Young ladies Esther and Rose are more interested in young men. Ms. Maloney and Jennifer Evans as her sister Rose (though a little old to be teens), create the teen and upper teen roles nicely getting their laughs and connecting with their situations. The audience is witness to the anxiety of young love in Rose’s long distance crush on Warren who lives in New York, and ride the roller coaster edge of Esther’s infatuation with the new boy who has moved in next door, John Truitt.
Crisis Management
Ms. Maloney’s first big solo is The Boy Next Door.
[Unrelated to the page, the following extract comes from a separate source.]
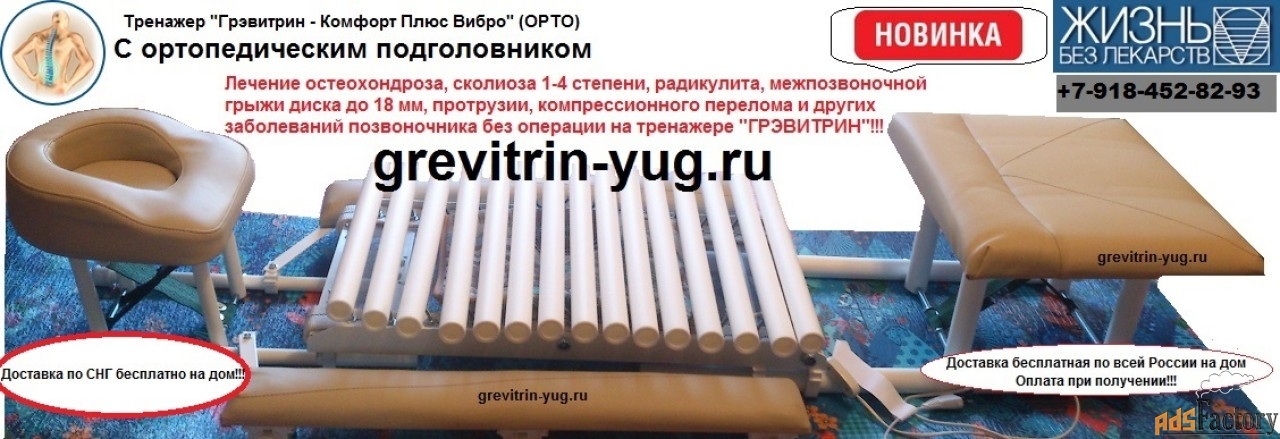 тренажер «грэвитрин-комфорт плюс вибро» орто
She gets the wistfulness and warmth this song demands just perfectly that you’ll remember how you feel that old thrill when a new girl or boy moved into your neighborhood. But, lest you get the wrong idea, that is as risqué as this show gets.
This is so much a family show, you feel you want to have dinner together with your children tomorrow night. Not one unwholesome thing in this show, mind you. Not one.
The Original Family Sitcom
The Smith Family household could have been a pilot for every television family sitcom ever created from Father Knows Best, to My Three Sons, to The Addams Family to Frazier. You have the humorous Irish maid played by Nora Mae Lyng who keeps the household running. She sings a wonderful Mermanesque Danny Boy to cheer up Rose, whose phone call from New York has been thrwarted by father. Instead the makes the sisters cry. (This is a very funny moment in the show.)
Jeanne Lehman as Mrs. Smith looks like Jayne Wyatt in Father Knows Best, who tolerates her head-of-the-household husband’s pompous attitude. Mr. Smith is played by Bob Freschi. Freschi and Lehman team for the wonderful duet, You and I at the end of the First Act that presents an oh-so-corny but believable bond of husband-wife affection. Love is corny.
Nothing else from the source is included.